# new to saltwater



## Goldeen (Jun 20, 2012)

ok ive kept freshwater tanks all my life successively i think im ready to step it up a notch i have a 10 gallon tank and a will to learn new things im ready to do a saltwater i only want like 2 fish to start out with especially since the saltwater fish are so expensive :/ but i wanna try so what can i put in my 10 gallon i was hoping i could start with a tank bred clown fish if i can find one tank raised in Tennessee ive done so much research on what to get for the tank but not on what fish to actually get so i decided to ask some people who know what they are doing  thanks in advance


----------



## jlpropst00 (Jun 12, 2011)

You could put a couple firefish in a 10g. Clowns really need more room 30g or bigger.


----------



## Coolfish (Apr 30, 2012)

I'm thinking of making my 29g SW too but not sure just yet. The fire fish look cool. What should someone new to SW need to know first?


----------



## jlpropst00 (Jun 12, 2011)

Look at the beginner saltwater section of the forum and read the stickies.


----------



## Goldeen (Jun 20, 2012)

the only reason i said clownfish was i herd that they r a good starter fish and my 55 gallon has been taken hostage by my goldfish lol


----------



## Coolfish (Apr 30, 2012)

What about them little blue looking SW fish?
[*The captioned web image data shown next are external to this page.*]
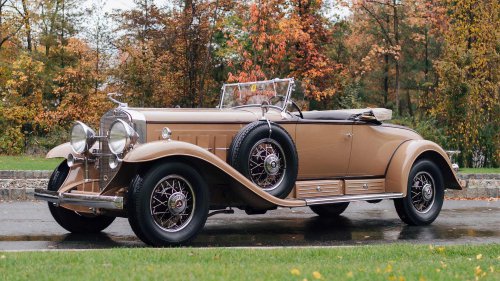 The Cadillac V16 Is The World's First Car With Sixteen Cylinders
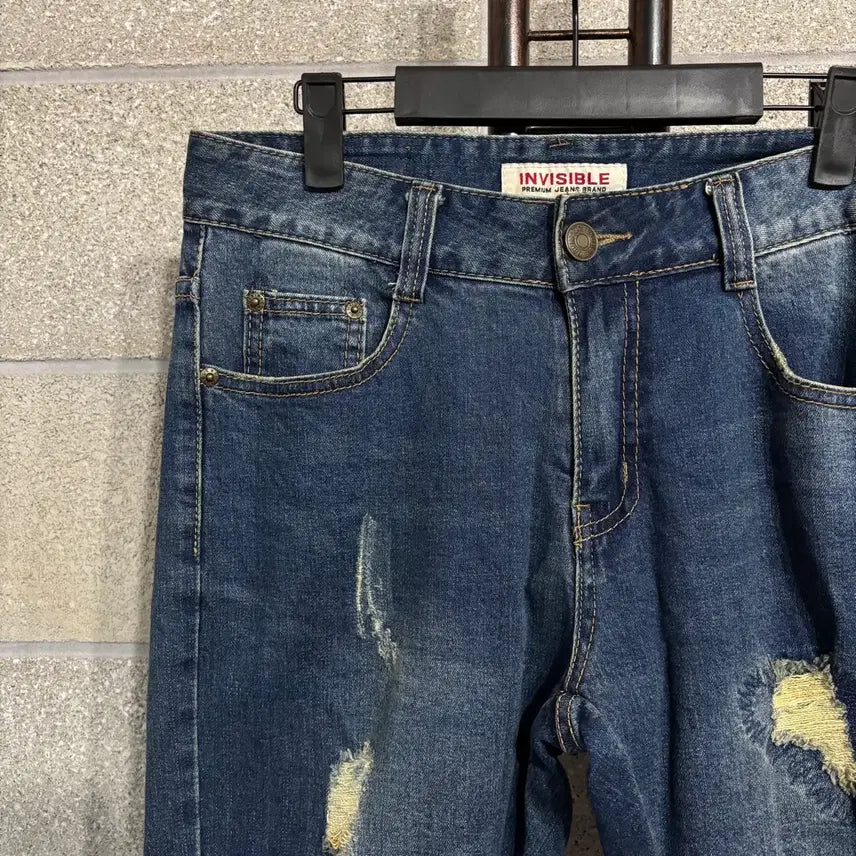 [BUNJANG] INVISBLE Denim Pants 30 / INVISBLE 데님팬츠 30(nc63 청바지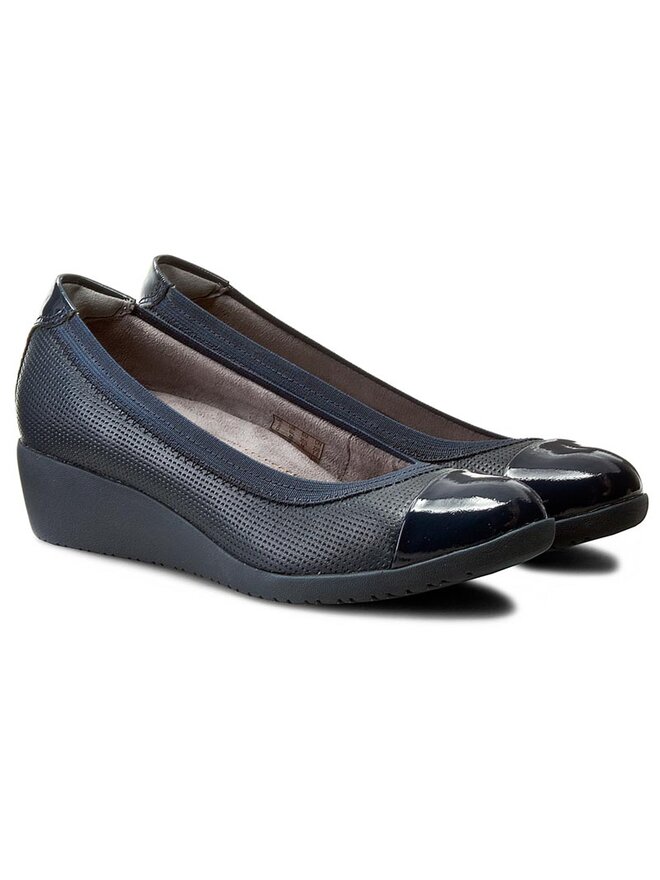 Zapatos hasta el tobillo Clarks Petula Sadie 261132324 Azul marino zapatos.es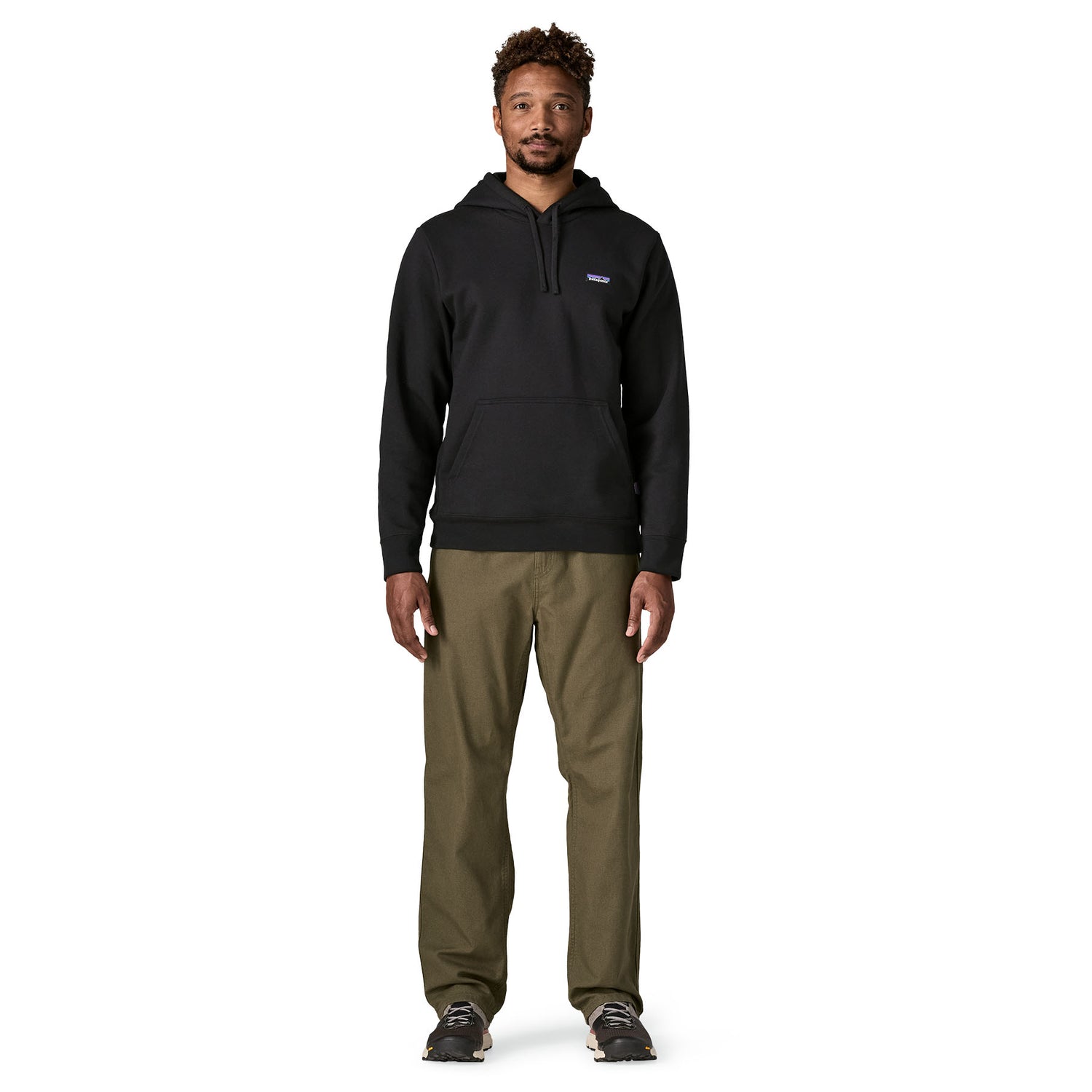 Patagonia Men's P 6 Label Uprisal Hoody Black / Small - 53 Degrees North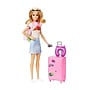 Mattel Barbie Doll and Accessories, Malibu Travel Set with Puppy, 4/Pack (HJY18)~#|#~AE1A9512-A9A6-411B-B482C2C2FC2C0539_sc7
I'm sure you can keep them in a 10g.


----------



## Cory1990 (Jun 14, 2012)

There's so many blue sw fish lol. You would need to narrow it down a bit.


----------



## Goldeen (Jun 20, 2012)

are you talking about damsels?


----------



## Goldeen (Jun 20, 2012)

jlpropst00 holy crap u live near me!!!


----------



## jlpropst00 (Jun 12, 2011)

Where in TN are you?


----------



## Coolfish (Apr 30, 2012)

Goldeen said:


> are you talking about damsels?


Yes. Guess I was wrong you need a 30g for them. Looks like you can only have gobys and fire fish in a 10g. Oh and a orange lined cardinalfish.


----------



## jlpropst00 (Jun 12, 2011)

Don't forget inverts. There are a lot of cool ones in SW. So there are lots of cool options.


----------



## Goldeen (Jun 20, 2012)

jlpropst00 said:


> Where in TN are you?



im in Murfreesboro


----------



## jlpropst00 (Jun 12, 2011)

Goldeen said:


> im in Murfreesboro


I was up your way a few months ago for the Tenn Renn Festival. We spent the night in the 'Boro.


----------



## Goldeen (Jun 20, 2012)

Also what is a basic list of things i need for a sw tank im almost ready for it i would just like some basic stuff to get so i can figure up the money i need ^_^


----------



## jlpropst00 (Jun 12, 2011)

Tank, Salt Mix, RO/DI or distilled water, Heater, Powerhead(s), Filter or Live rock. Hydrometer or refractometer. That should be good for a Fish Only. Of course the typical stuff substrate (usually sand), Live Rock if you want a FOWLR. Now if you want a reef then you need more stuff and depends on a hundred different factors.


----------



## Goldeen (Jun 20, 2012)

awesome thanks found everything i need online now i just need to decide on a fish :/


----------